有一种场景,用户需要查询自己所有的订单,这个时候没有订单id,怎么快速查询到单个用户的订单?如果只用订单id作为分片键,则这种情况势必要进行全库全表扫描。
用户id
用户端,用户在查询自己订单的时候,需要的就是性能,不可能从忙忙分表中查询用户的订单。
如果直接将用户id作为分片键,则单个用户所有的订单,会落到某一个库某一张表中去。这样解决了用户端查询自己订单。
当用户想根据订单id去查询的时候呢?如果只根据用户id去分片,则通过订单id查询的时候,势必要全表去扫描。
分片策略
通过将用户id集成到订单id中,可以解决通过用户id查询和订单id查询的问题。
具体实现
- 具体的分片逻辑是使用用户id进行分片。
- 当使用用户id查询的时候,可以快速定位到数据表
- 当使用订单id的时候,解析出用户id,也可以快速定位到数据表。
- 采用ShardingSphere的复合模式,使用用户id和订单id作为分片键
订单id的设计与实现
设计思想:
设计一个64位的唯一ID,包含时间戳、用户ID和序列号,同时确保生成的ID不为负数。
设计思路:
-
时间戳部分(22位): 使用毫秒级时间戳,并确保时间戳足够长以覆盖你预期的时间范围。
-
用户ID部分(32位): 用户ID需要占据较大的位数,以保证足够的唯一性。32位的用户id可以容纳40多亿的用户,已经足够使用,具体根据系统的预期,可以将时间戳和用户id对应的位数进行调整。
-
序列号部分(12位): 序列号用于解决同一毫秒内生成多个ID时的唯一性问题。
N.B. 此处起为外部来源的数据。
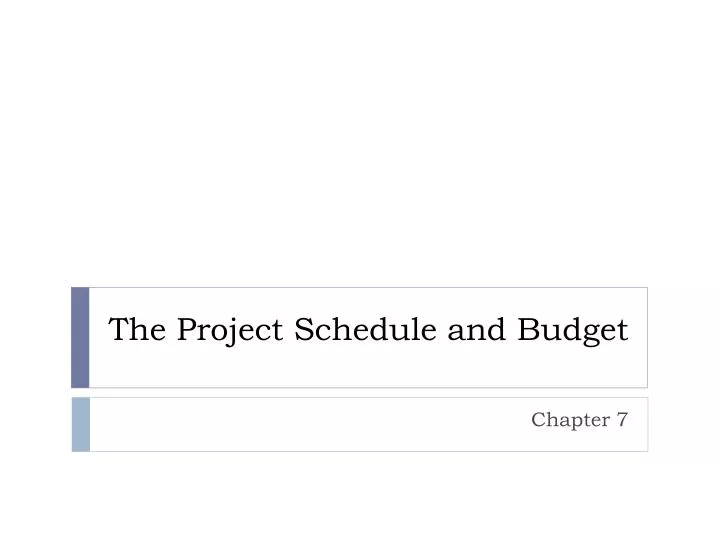 the project schedule and budget n.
12位的序列号表示,能生成4096个不同的订单id,这里生成规则不能和用户id绑定,应该是所有的用户共享。
-
确保ID非负数: 使用无符号数或者适当的移位操作确保生成的ID不为负数。
-
解析用户id:需要通过订单id,解析出用户的id
订单id生成规则如下:
package cn.axj.sharding.util;
/**
* @author aoxiaojun
* @date 2024/7/5 10:43
**/
public class OrderGenerator {
// 起始时间戳,可以根据需要设置
private static final long EPOCH = 1625097600000L; // 2021-07-01 00:00:00 UTC
// 每部分占据的位数
private static final int TIMESTAMP_BITS = 22;
private static final int USER_ID_BITS = 32;
private static final int SEQUENCE_BITS = 12;
// 最大值
private static final long MAX_USER_ID = (1L << USER_ID_BITS) - 1;
private static final long MAX_SEQUENCE = (1L << SEQUENCE_BITS) - 1;
// 位偏移量
private static final int USER_ID_SHIFT = SEQUENCE_BITS;
private static final int TIMESTAMP_SHIFT = USER_ID_BITS + SEQUENCE_BITS;
// 上次生成ID的时间戳
private static long lastTimestamp = -1L;
// 当前序列号
private static long sequence = 0L;
// 生成唯一ID
public static synchronized long generateUniqueId(long userId) {
long currentTimestamp = System.currentTimeMillis();
if (currentTimestamp < lastTimestamp) {
throw new RuntimeException("Clock moved backwards. Refusing to generate ID.");
}
if (lastTimestamp == currentTimestamp) {
sequence = (sequence + 1) & MAX_SEQUENCE;
if (sequence == 0) {
// 序列号溢出,等待下一个毫秒
currentTimestamp = waitNextMillis(lastTimestamp);
}
} else {
sequence = 0L; // 重置序列号
}
lastTimestamp = currentTimestamp;
long timestamp = currentTimestamp - EPOCH;
// 移位操作组合生成ID
long uniqueId = (timestamp << TIMESTAMP_SHIFT) | (userId << USER_ID_SHIFT) | sequence;
return uniqueId & Long.MAX_VALUE; // 确保ID非负数
}
// 解析用户ID
public static long getUserIdFromUniqueId(long uniqueId) {
return (uniqueId >> USER_ID_SHIFT) & MAX_USER_ID;
}
// 等待直到下一个毫秒
private static long waitNextMillis(long lastTimestamp) {
long currentTimestamp = System.currentTimeMillis();
while (currentTimestamp <= lastTimestamp) {
currentTimestamp = System.currentTimeMillis();
}
return currentTimestamp;
}
public static void main(String[] args) {
long userId = 1234567890L;
long uniqueId = generateUniqueId(userId);
System.out.println("Generated Unique ID: " + uniqueId);
long parsedUserId = getUserIdFromUniqueId(uniqueId);
System.out.println("Parsed User ID: " + parsedUserId);
}
}
用户id的生成规则如下:
public class DistributedUserIDGenerator {
private static final long EPOCH = 1625097600000L; // 2021-07-01 00:00:00 UTC
private static final int RANDOM_BITS = 32 - 13; // Use 13 bits for timestamp (enough until 2136)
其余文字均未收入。